Question

The perimeter of a right angled triangle is 30 cm and its hypotenuse is 13 cm. Find the lengths of the other two sides.

Answer 1

Hint: Assume the two unknown sides of the triangle to be some variable. Frame an equation in these two variables using the value of perimeter given in the question. Frame another equation between these two using Pythagoras theorem as the value of hypotenuse is already given. Solve these two equations to get the lengths of unknown sides.

Complete step-by-step solution:
According to the question, the hypotenuse of a right angled triangle is 13 cm and its perimeter is 30 cm. We have to determine the lengths of unknown sides.
Let the lengths of the unknown sides be \[x\] and \[y\] cm as shown in the below figure:

As the perimeter of the triangle is 30 cm, we have:
$
   \Rightarrow x + y + 13 = 30 \\
   \Rightarrow x + y = 17{\text{ }}.....{\text{(1)}}
 $
Further, from Pythagoras theorem we know that for a right angled triangle:
\[ \Rightarrow {\text{Bas}}{{\text{e}}^2} + {\text{Perpendicula}}{{\text{r}}^2} = {\text{Hypotenus}}{{\text{e}}^2}\]
Applying this theorem for the above triangle, we’ll get:
$
   \Rightarrow {x^2} + {y^2} = {13^2} \\
   \Rightarrow {x^2} + {y^2} = 169{\text{ }}.....{\text{(2)}}
 $
From an algebraic formula, we know that ${\left( {a + b} \right)^2} = {a^2} + {b^2} + 2ab$. Applying this formula while squaring equation (1) on both sides, we’ll get:
\[
   \Rightarrow {\left( {x + y} \right)^2} = {17^2} \\
   \Rightarrow {x^2} + {y^2} + 2xy = 289
 \]
Putting the value of \[{x^2} + {y^2}\] from equation (2), we’ll get:
\[
   \Rightarrow 169 + 2xy = 289 \\
   \Rightarrow 2xy = 120{\text{ }}.....{\text{(3)}}
 \]
Now, subtracting equation (3) from equation (2), we’ll get:
$ \Rightarrow {x^2} + {y^2} - 2xy = 169 - 120$
From another algebraic formula, we know that ${a^2} + {b^2} - 2ab = {\left( {a - b} \right)^2}$. Applying this formula, we’ll get:
\[ \Rightarrow {\left( {x - y} \right)^2} = 49\]
Taking square root on both sides, we have:
\[
   \Rightarrow \left| {x - y} \right| = 7 \\
   \Rightarrow x - y = \pm 7
 \]
If we take positive sign into consideration, we’ll get:
$ \Rightarrow x - y = 7{\text{ }}.....{\text{(4)}}$
Now, adding both equations (1) and (4), we’ll get:
$
   \Rightarrow x + y + x - y = 17 + 7 \\
   \Rightarrow 2x = 24 \\
   \Rightarrow x = 12
 $
Putting $x = 12$ in equation (1), we’ll get:
$
   \Rightarrow 12 + y = 17 \\
   \Rightarrow y = 5
 $

Therefore the lengths of two unknown sides of the triangle (i.e. \[x\] and \[y\]) are 12 cm and 5 cm respectively.
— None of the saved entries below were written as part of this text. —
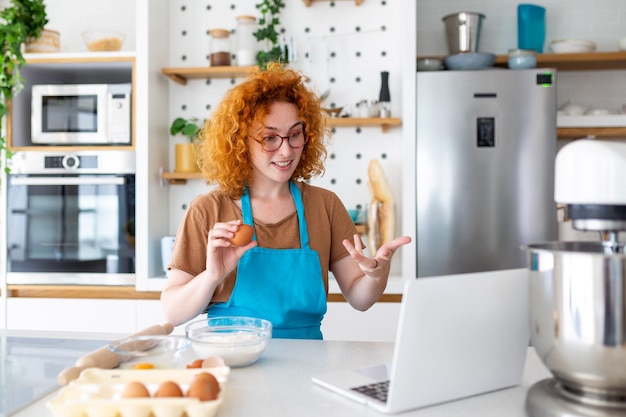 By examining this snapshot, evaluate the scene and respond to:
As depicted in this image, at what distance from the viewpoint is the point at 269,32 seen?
3.33m

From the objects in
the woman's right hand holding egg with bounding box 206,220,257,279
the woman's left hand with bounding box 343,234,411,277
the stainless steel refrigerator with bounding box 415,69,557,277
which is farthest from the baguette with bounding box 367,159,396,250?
the woman's right hand holding egg with bounding box 206,220,257,279

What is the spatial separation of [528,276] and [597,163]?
0.21 meters

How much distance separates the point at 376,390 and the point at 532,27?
9.49 ft

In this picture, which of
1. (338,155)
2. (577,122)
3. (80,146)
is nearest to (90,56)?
(80,146)

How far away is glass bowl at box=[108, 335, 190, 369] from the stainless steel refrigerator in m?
2.03

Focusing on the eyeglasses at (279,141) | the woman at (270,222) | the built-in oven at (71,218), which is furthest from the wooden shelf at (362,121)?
the eyeglasses at (279,141)

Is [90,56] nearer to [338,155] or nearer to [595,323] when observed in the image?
[338,155]

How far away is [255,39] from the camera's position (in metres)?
3.46

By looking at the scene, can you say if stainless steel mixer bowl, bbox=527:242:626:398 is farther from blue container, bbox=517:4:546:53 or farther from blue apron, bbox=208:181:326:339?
blue container, bbox=517:4:546:53

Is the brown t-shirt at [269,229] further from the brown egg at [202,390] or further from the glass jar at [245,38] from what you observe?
the glass jar at [245,38]

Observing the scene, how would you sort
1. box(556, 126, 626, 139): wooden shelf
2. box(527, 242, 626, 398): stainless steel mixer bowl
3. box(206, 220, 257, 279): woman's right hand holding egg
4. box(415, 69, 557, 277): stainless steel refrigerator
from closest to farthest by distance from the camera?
box(527, 242, 626, 398): stainless steel mixer bowl → box(206, 220, 257, 279): woman's right hand holding egg → box(415, 69, 557, 277): stainless steel refrigerator → box(556, 126, 626, 139): wooden shelf

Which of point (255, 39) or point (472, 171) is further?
point (255, 39)

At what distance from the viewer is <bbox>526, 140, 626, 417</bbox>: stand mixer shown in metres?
0.87

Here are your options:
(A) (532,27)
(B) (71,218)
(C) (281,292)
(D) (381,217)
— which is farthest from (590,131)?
(B) (71,218) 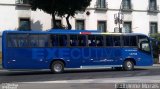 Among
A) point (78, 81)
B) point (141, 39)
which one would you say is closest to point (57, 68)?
point (141, 39)

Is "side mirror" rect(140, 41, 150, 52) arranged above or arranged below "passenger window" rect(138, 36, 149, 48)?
below

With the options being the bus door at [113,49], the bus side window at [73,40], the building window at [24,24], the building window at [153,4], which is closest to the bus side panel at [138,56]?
the bus door at [113,49]

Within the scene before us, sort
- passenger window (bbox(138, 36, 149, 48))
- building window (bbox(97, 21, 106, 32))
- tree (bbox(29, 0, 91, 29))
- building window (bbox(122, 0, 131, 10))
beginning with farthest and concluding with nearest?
building window (bbox(122, 0, 131, 10)) < building window (bbox(97, 21, 106, 32)) < tree (bbox(29, 0, 91, 29)) < passenger window (bbox(138, 36, 149, 48))

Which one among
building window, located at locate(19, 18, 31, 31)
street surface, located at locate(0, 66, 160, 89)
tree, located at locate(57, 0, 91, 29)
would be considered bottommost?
street surface, located at locate(0, 66, 160, 89)

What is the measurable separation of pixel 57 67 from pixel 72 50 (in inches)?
60.1

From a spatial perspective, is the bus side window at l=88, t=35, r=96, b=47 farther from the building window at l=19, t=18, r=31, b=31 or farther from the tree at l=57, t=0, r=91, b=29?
the building window at l=19, t=18, r=31, b=31

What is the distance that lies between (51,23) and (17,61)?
17289 mm

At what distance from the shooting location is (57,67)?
30.6 metres

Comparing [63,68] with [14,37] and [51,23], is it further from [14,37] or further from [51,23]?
[51,23]

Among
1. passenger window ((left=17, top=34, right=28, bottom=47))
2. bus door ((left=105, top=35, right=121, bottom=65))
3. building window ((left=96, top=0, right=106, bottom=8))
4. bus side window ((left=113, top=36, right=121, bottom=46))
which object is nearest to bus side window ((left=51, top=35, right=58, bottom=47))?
passenger window ((left=17, top=34, right=28, bottom=47))

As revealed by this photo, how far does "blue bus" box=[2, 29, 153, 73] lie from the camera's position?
95.8 ft

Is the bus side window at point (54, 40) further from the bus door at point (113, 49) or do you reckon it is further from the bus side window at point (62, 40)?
the bus door at point (113, 49)

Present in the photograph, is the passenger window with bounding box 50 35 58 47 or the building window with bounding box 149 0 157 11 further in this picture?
the building window with bounding box 149 0 157 11

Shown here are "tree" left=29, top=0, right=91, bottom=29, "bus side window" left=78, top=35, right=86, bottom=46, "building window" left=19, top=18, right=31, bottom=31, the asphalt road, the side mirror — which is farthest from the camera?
"building window" left=19, top=18, right=31, bottom=31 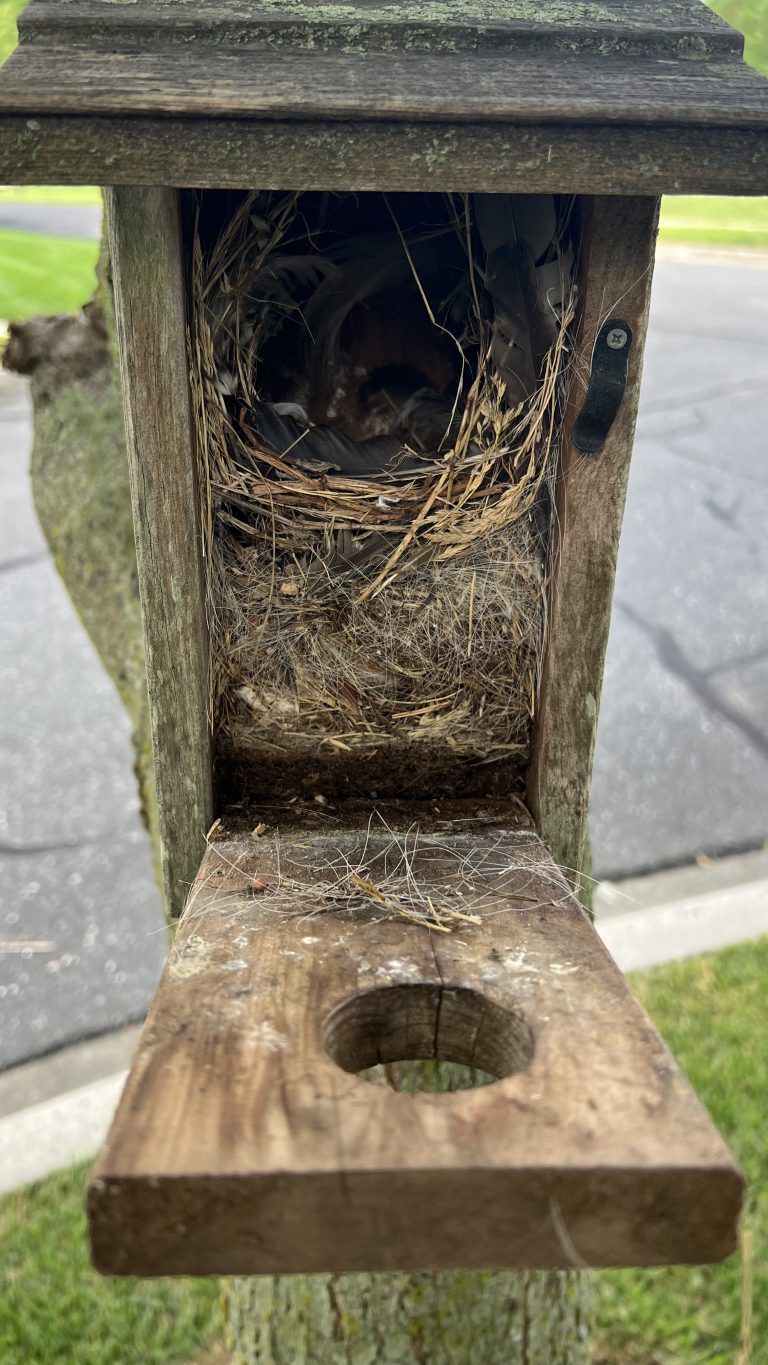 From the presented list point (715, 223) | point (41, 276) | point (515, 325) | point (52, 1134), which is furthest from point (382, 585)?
point (715, 223)

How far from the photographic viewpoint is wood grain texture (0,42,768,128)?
114cm

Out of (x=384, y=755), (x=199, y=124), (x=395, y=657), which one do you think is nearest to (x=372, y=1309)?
(x=384, y=755)

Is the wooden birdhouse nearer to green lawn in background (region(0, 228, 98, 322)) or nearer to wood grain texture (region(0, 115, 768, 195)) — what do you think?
wood grain texture (region(0, 115, 768, 195))

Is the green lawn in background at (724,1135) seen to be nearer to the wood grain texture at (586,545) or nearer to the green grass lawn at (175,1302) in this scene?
the green grass lawn at (175,1302)

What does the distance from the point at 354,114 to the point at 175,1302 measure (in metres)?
2.40

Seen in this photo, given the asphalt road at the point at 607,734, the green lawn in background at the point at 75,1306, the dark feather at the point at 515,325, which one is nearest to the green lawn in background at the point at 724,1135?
the asphalt road at the point at 607,734

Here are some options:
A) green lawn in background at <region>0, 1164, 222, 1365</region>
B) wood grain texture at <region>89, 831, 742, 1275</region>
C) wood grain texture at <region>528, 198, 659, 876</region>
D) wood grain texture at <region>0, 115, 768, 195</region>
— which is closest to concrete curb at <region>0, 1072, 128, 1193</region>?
green lawn in background at <region>0, 1164, 222, 1365</region>

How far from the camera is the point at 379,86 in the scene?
1181 millimetres

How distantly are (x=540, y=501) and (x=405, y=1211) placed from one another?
3.27ft

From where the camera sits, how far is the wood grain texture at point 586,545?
140 cm

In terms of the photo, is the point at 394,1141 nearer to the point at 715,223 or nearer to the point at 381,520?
the point at 381,520

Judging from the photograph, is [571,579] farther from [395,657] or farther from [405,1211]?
[405,1211]

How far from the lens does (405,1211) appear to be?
971mm

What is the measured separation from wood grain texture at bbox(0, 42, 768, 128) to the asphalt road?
2.24m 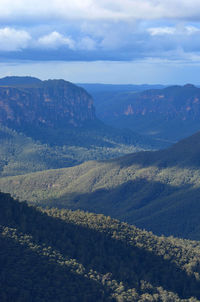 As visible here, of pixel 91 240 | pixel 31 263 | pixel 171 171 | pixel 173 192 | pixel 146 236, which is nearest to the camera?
pixel 31 263

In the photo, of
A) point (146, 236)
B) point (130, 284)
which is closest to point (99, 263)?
point (130, 284)

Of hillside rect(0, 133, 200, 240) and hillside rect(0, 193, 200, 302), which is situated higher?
hillside rect(0, 193, 200, 302)

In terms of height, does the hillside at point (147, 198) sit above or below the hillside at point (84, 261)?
below

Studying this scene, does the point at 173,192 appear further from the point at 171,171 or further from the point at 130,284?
the point at 130,284

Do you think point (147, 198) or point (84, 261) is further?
point (147, 198)

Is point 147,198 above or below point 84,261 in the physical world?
below

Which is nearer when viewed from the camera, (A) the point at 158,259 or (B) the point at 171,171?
(A) the point at 158,259

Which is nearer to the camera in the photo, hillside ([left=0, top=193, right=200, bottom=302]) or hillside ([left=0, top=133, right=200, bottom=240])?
hillside ([left=0, top=193, right=200, bottom=302])

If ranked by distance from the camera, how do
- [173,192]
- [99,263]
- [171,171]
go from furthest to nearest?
1. [171,171]
2. [173,192]
3. [99,263] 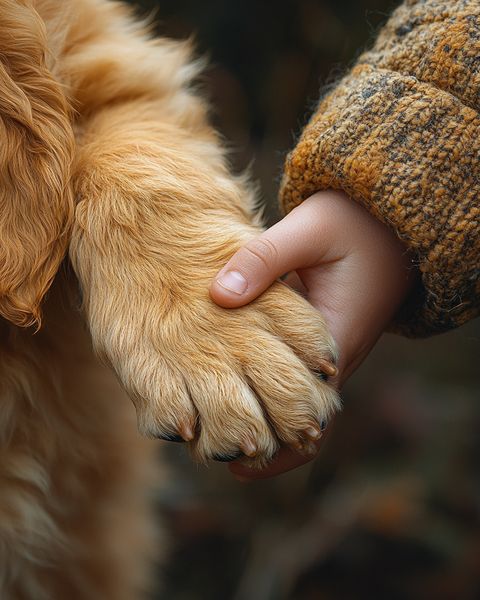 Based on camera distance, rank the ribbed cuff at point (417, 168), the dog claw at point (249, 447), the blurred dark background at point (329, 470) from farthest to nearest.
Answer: the blurred dark background at point (329, 470) < the ribbed cuff at point (417, 168) < the dog claw at point (249, 447)

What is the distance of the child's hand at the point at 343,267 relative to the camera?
1.39 m

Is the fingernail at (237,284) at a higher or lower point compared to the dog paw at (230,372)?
higher

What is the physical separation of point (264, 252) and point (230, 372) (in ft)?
0.71

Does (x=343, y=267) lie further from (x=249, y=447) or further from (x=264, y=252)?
(x=249, y=447)

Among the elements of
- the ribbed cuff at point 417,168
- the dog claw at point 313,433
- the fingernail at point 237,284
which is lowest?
the dog claw at point 313,433

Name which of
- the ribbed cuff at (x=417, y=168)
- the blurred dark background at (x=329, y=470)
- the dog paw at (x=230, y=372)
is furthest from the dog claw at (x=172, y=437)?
the blurred dark background at (x=329, y=470)

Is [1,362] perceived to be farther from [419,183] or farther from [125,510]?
[419,183]

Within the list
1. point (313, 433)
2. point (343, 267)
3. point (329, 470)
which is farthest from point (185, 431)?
point (329, 470)

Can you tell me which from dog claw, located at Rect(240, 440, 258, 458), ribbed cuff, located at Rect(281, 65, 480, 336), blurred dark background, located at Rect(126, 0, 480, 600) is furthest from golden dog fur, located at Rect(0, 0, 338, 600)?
blurred dark background, located at Rect(126, 0, 480, 600)

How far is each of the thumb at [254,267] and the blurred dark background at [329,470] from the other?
135 centimetres

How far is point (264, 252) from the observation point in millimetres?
1306

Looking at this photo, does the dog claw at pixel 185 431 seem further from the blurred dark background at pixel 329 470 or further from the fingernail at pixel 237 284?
the blurred dark background at pixel 329 470

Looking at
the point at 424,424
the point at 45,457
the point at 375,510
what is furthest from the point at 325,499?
the point at 45,457

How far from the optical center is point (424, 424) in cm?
330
Note: We have taken positive sign into consideration in \[\left| {x - y} \right| = 7\] while solving equations in the above problem. This leads us to $x - y = 7$ which is indicating that $x > y$.
We can also consider negative signs to solve the equations. This will lead us to $y - x = 7$ which is indicating $x < y$. If we solve equations using this condition, we’ll get the same results with only the difference that \[x\] and \[y\] will interchange their values.